Genomically identical cells have long been assumed to comprise the human brain, with post-genomic mechanisms giving rise to its enormous diversity, complexity, and disease susceptibility. However, the identification of neural cells containing somatically generated mosaic aneuploidy – loss and/or gain of chromosomes from a euploid complement – and other genomic variations including LINE1 retrotransposons and regional patterns of DNA content variation (DCV), demonstrate that the brain is genomically heterogeneous. The precise phenotypes and functions produced by genomic mosaicism are not well understood, although the effects of constitutive aberrations, as observed in Down syndrome, implicate roles for defined mosaic genomes relevant to cellular survival, differentiation potential, stem cell biology, and brain organization. Here we discuss genomic mosaicism as a feature of the normal brain as well as a possible factor in the weak or complex genetic linkages observed for many of the most common forms of neurological and psychiatric diseases.
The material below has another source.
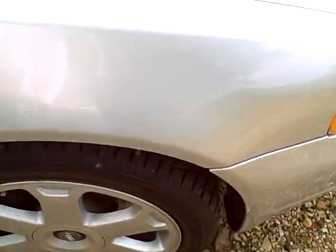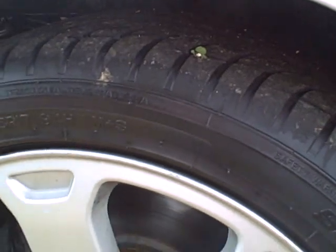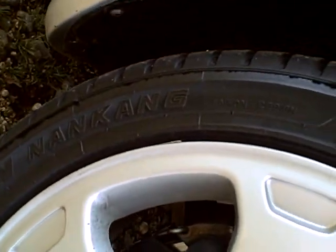This is the condition of the tires. These are brand spanking new tires. They're 225-45R17, with a 340 tread wear rating, Traction A, Temperature A. Made by Nankang.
► Developing and mature brains are composed of cells that can be genomically varied and mosaic.
► Mosaic aneuploidy, as part of DNA content variation (DCV), along with their analyses in brain cells are described.
► Functions for neural genomic mosaicism are discussed; roles in cell death and survival implicate selection mechanisms.
► The relevance of mosaic genomic variation to neurological and psychiatric disorders is discussed.